Turkey has since toppled further down the ranks of the Corruption Perception Index. As we note in the podcast, the CPI is an opinion poll; I’ve written about the limitations of such an approach here. It’s worth something to know this, but changes in the perception of corruption may be owed to many things beyond changes in the level of corruption.
Rod Blagojevich, as you’ve probably forgotten, was at the time in the headlines.
I think we can put this worry to rest at this point. I don’t see a more radical Islamist government in Turkey’s future. If you want to know how it could be worse, however, look at Russia.
This sounded completely far-fetched when I wrote this.
I’m curious to know how my American readers react to this article now. When I wrote it, I sensed they were politely baffled by the society I was describing. It sounded very Third World. Very Middle Eastern. Very screwed up. They couldn’t really relate. But the US has changed a lot since then, and it’s been swiftly Turkified. I think Americans will find the society I’m describing here much less strange than they they used to.
If you’re curious about the fate of the Turkish press—and how to transform a “relatively free and feisty” media into a bunch of cowed penguins—I wrote this several years later.
He didn’t get it. He was subsequently accused of being part of Ergenekon. (If you’re curious about Ergenekon and Balyoz—the show trials—I wrote a great deal about them, for example: A Nation of Conspiracies; Ergenekon: Turkey’s Conspiracy to End them All; Subtergenekon and Other Crimes; Prisoner of Conspiracy; The View from Silivri Prison; A Wilderness of Mirrors; Sledgehammer: More Arrests.
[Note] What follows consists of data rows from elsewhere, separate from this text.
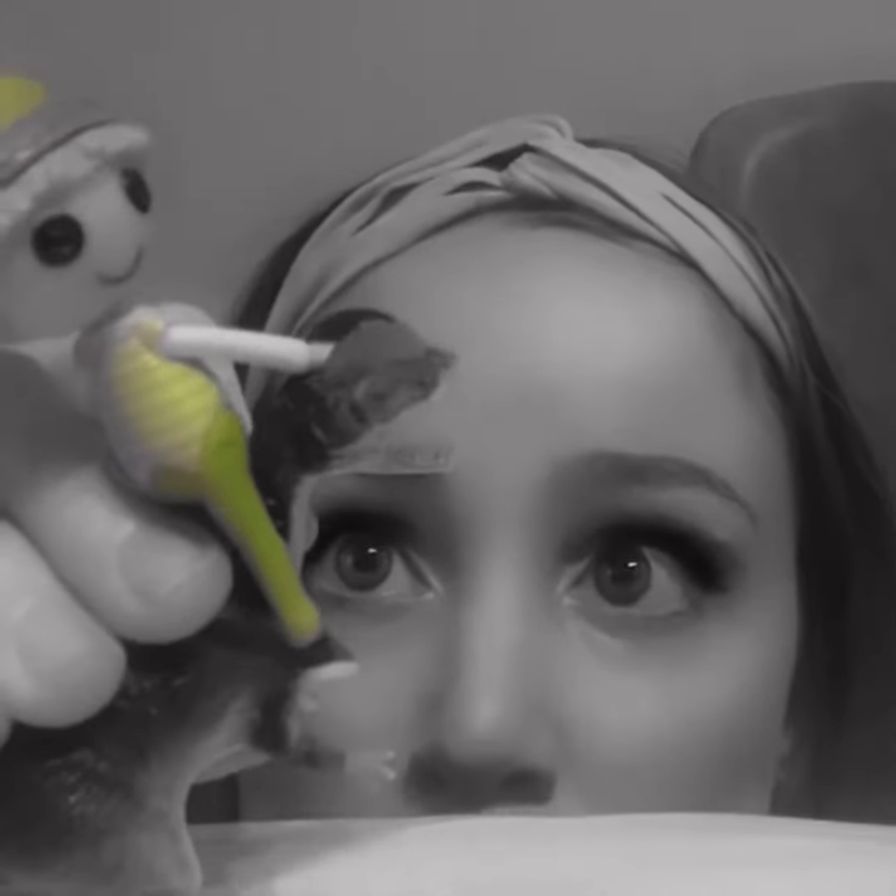Oh no! Please don't eat me! I'm just a poor little boy! Hi, Norton Cougars. It's Miss Sexton.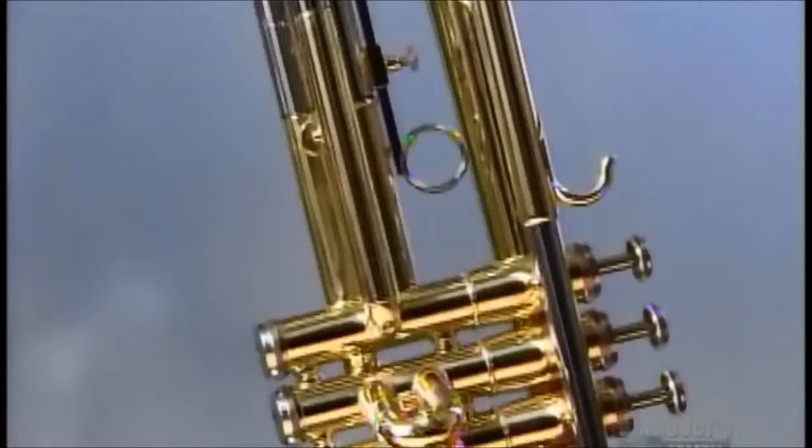After polishing and lacquering the brass, they test the trumpet for sound quality. This is one company that likes to blow its own horn.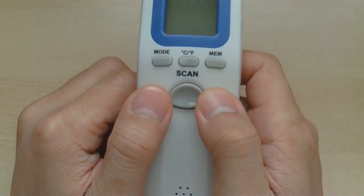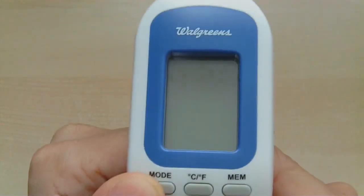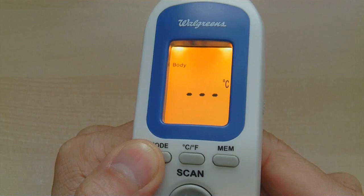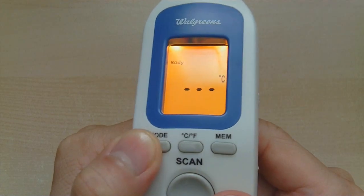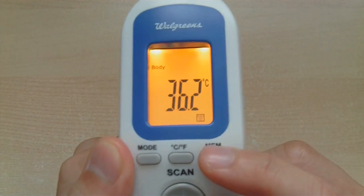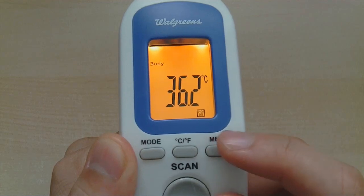You just hit mode to change modes and cycle through room, surface temperature, or body — choose the one you want and hit scan. Very simple to use. Memory can be used to check the memory settings: it shows 36.2°C Celsius and 23°C surface temperature, just like what we just did.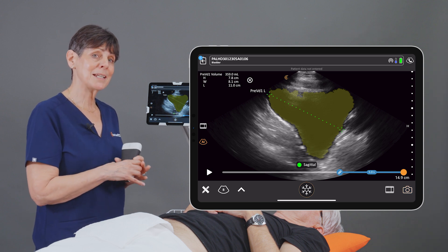So there you have it, a quick and easy way to get a bladder volume using your Clarius scanner. Thank you.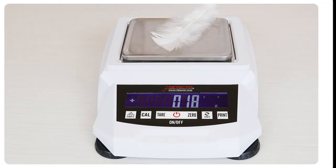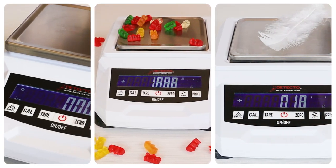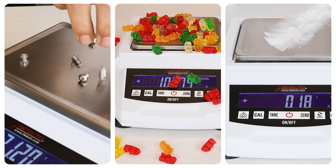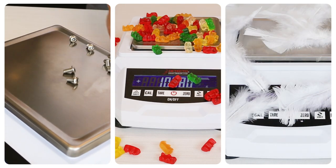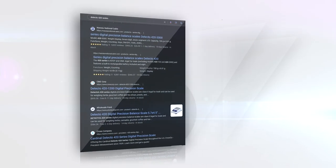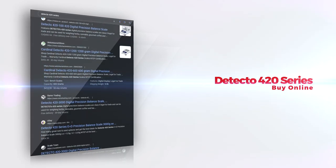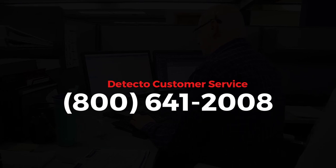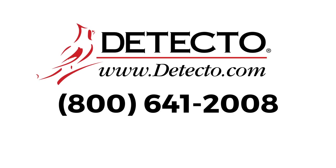From weighing the lightest of feathers, to CBD gummies, to small nuts and bolts — when pinpoint precision is paramount, Detecto's 420 series delivers without fail. The 420 series can be purchased from many of Detecto's authorized e-commerce distributors online by searching for Detecto 420 series. For information from the factory, please contact us at 800-641-2008 or visit Detecto.com.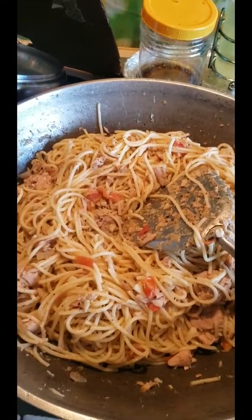I'm going to stir it again. I'm going to use two hands. Tuna la pasta, using tuna.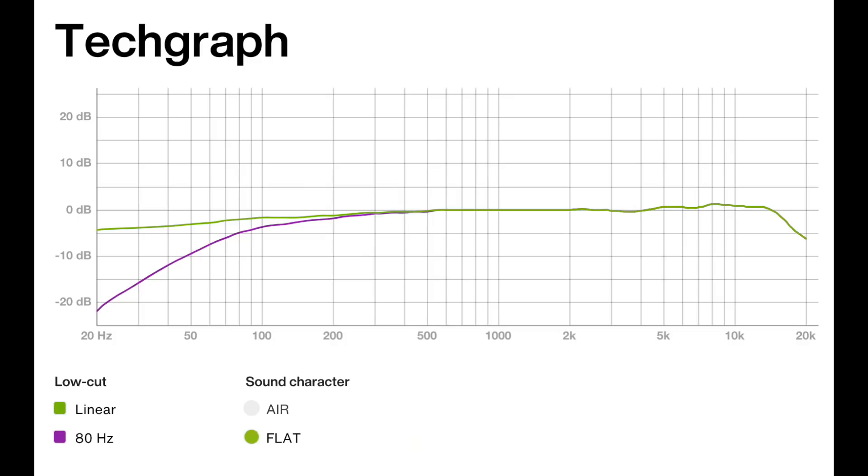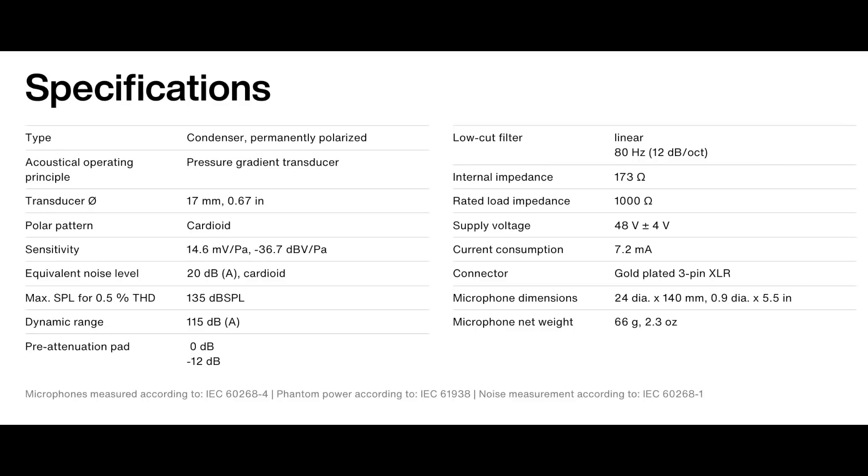As far as the specs, this microphone has a cardioid polar pattern. It's not listed but I'm pretty certain it has a frequency response of 20 Hz to 20 kHz, a sensitivity of -36.7 dB, a self noise of 20 dBA, a max SPL of 135 dB, an impedance of 173 ohms, and a phantom power requirement of +48 volts.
These modest gains have long since been reversed.
Thanks for sharing your collection, Claire. There is so much to unpack here. I too was impressed with Erdogan in the early days. He made a lot of the right noises and followed through on some.
I don‘t know what I find more perplexing: the turn of Erdogan and the AKP, or the fact that so many of the Turks seem to find this okay. And when I read and consider this juxtaposition, it could describe numerous countries that by rights should be uniformly prosperous and thriving societies-- yet are not.
What will future historians make of this period? I think about that quite often, which is an even surer sign of aging than crow‘s feet and grey hair!
But Turkey. I lived and worked there for almost a year in 1995-6 and remain fascinated by all its history and rich complexity. Even then the presence of journalists was not encouraged, and the Deep State* was real enough.
* in recent years
You lived in Turkey a long time. If you were not emotional there would be something wrong with you. I started reading you then and I am a happy subscriber now.